- Theatrical release poster
- Directed by: Arthur Marks
- Written by: Jaison Starkes
- Produced by: Arthur Marks
- Starring: Glynn Turman; Louis Gossett Jr.; Joan Pringle;
- Cinematography: Harry J. May
- Edited by: George Folsey Jr.
- Music by: Robert Prince
- Distributed by: American International Pictures
- Release date: June 30, 1976 (Los Angeles);
- Running time: 96 minutes
- Country: United States
- Language: English
- Box office: $2.4 million

= J. D.'s Revenge =

1976 film by Arthur Marks

J. D.'s Revenge is a horror film released in 1976. It starred Glynn Turman and Lou Gossett. The main character, Isaac Hendrix, becomes an unwilling host for the restless spirit of J.D. Walker, a hustler killed 30 years earlier when he was wrongfully accused of killing his sister.

==Plot==
Isaac "Ike" Hendrix is a young law student who lives with his girlfriend, Christella and works as a taxi-cab driver in New Orleans. While out on a night of fun with Christella and their best friends, Tony and Phyllis, he participates in a hypnosis act and becomes an unwilling host for the restless spirit of J.D. Walker - a hustler and pimp from the 1940s who ran numbers during World War II and managed a black-market meat plant.

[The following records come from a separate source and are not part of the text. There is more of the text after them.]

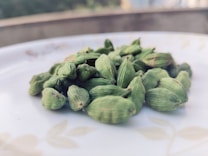 A close-up image of several green cardamom pods placed on a white surface, possibly a plate. The background is blurred, drawing attention to the cardamom pods in the foreground.
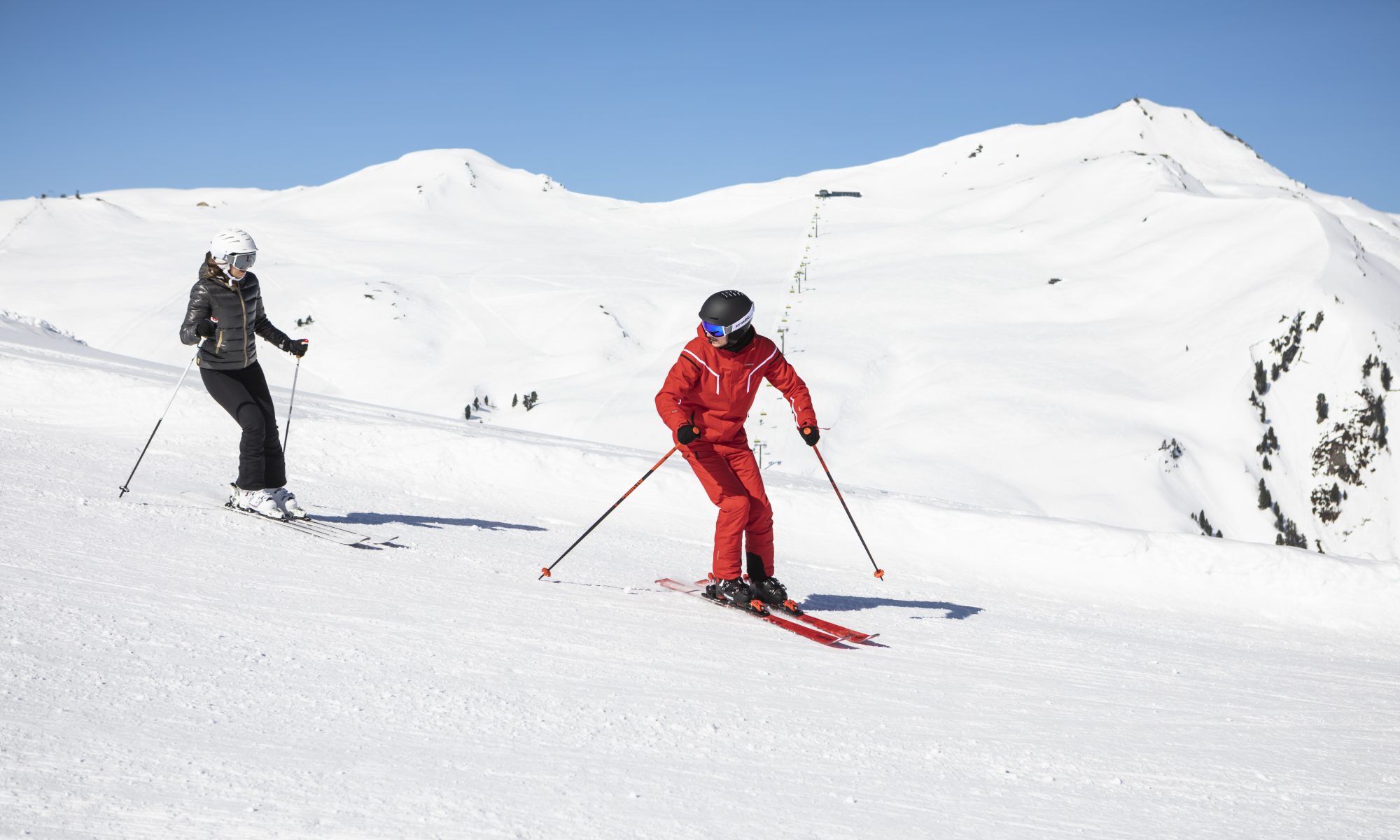 Eine erwachsene Anfängerin übt ihre ersten Skischritte mit einem erfahrenen Skilehrer.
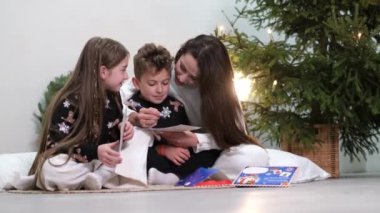 Mom reads a fairy tale to children before bed on New Years Eve. Happy family on New Years Eve, on the background of the Christmas tree. Christmas comfort in the house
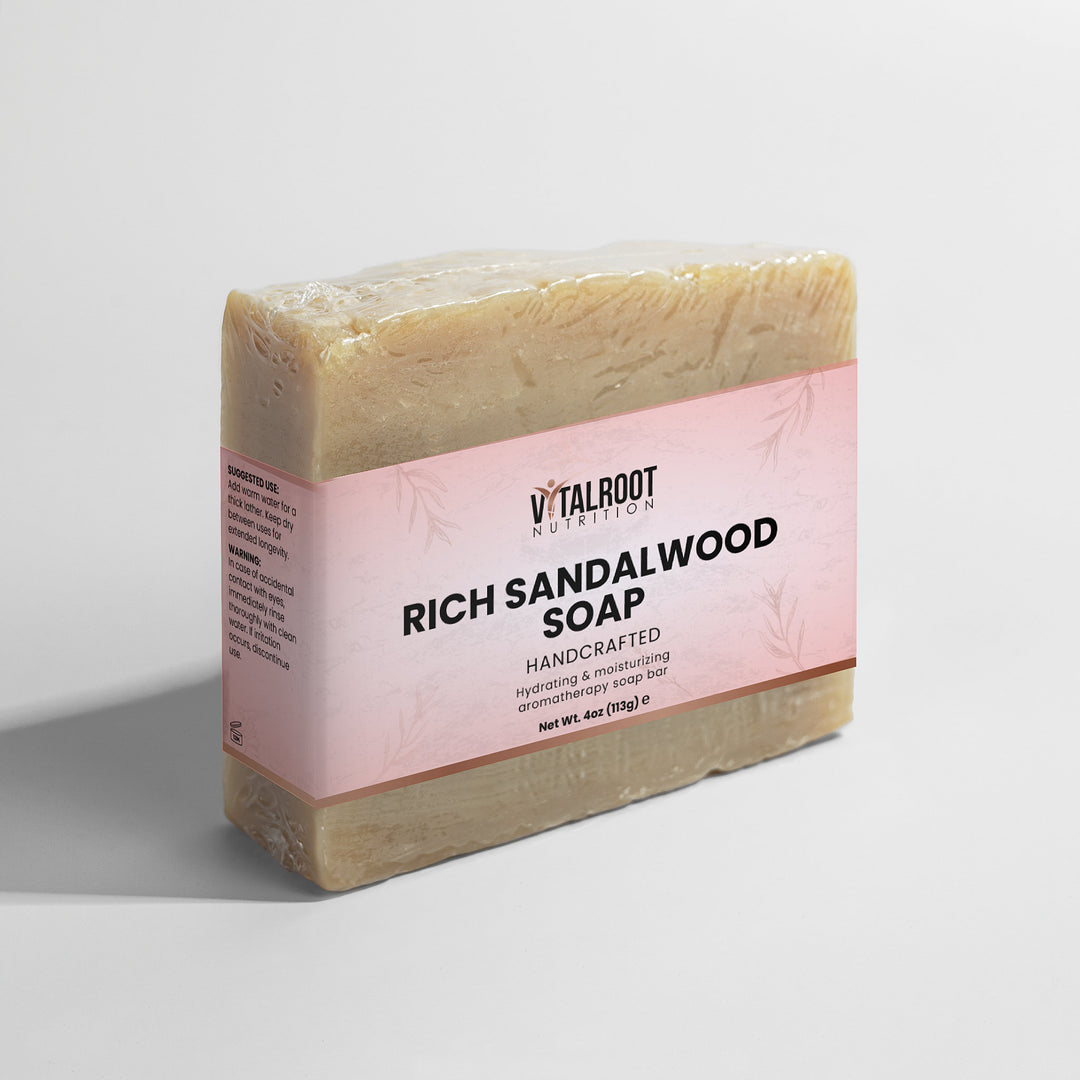 Bar of soap with a pink label on a white background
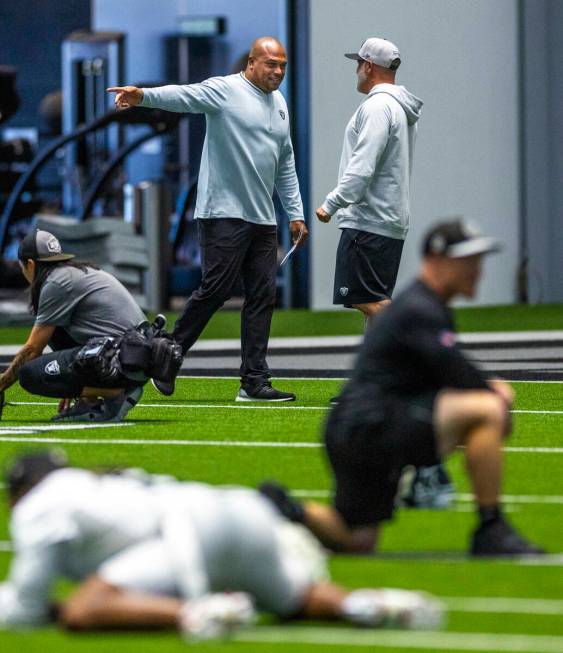 Raiders head coach Antonio Pierce chats with another coach during practice at the Intermountain ...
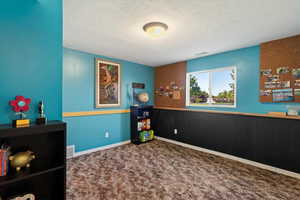 Carpeted bedroom with a textured ceiling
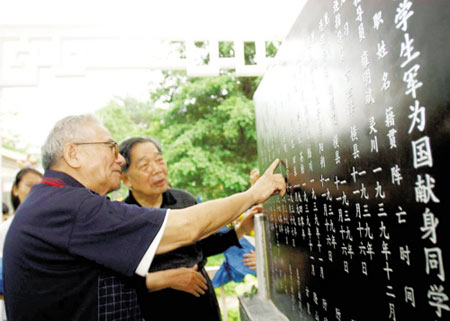 图为韦纯束(右一)等学生军老战士在纪念碑前缅怀战友.新华社发
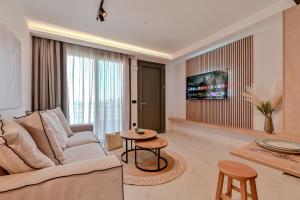a living room with a couch and a table at Terra luxury apartments in Preveza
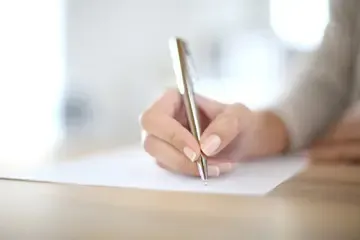 Close-up of a hand writing on paper with a pen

One day in 1942, at the meat plant, J.D. witnessed the murder of his sister, Betty Jo, at the hands of rival numbers runner, Theotis Bliss. J.D. stumbles upon his sister's body and is accused by her husband and Theotis' brother, Elija, of the murder and is then shot dead.

Ike finds himself gradually being taken over by the vengeance seeking J.D., having memories of J.D.'s life and death, even eventually going so far as to adopt his hair and fashion style, gangster mannerisms, and psychotic tendencies, often hurting Christella in the process.

Once taking full control of Ike's body, J.D. commits havoc all over town before making his way to the church where Elija, former boxer & gangster, is now working as a preacher. At the church, he also sees Theotis accompany his brother, as well as Roberta, the daughter of Elija and Betty Jo and J.D.'s niece who is the splitting image of her mother.

Theotis, who doesn't believe in his brother's sermons, later reveals that he & Elija use the church as a cover for their criminal organization even though Elija is in full pursuit of faith.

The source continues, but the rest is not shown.